* _Exercise details_
Give back, word for word, the line that contains "Океаническая белоголовая акула, Красное" and every line that follows it in the data below.

* _Data block_

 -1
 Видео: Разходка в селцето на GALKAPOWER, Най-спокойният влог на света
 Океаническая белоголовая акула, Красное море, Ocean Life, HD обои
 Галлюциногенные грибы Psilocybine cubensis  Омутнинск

* _Solution for this exercise_
 Океаническая белоголовая акула, Красное море, Ocean Life, HD обои
 Галлюциногенные грибы Psilocybine cubensis  Омутнинск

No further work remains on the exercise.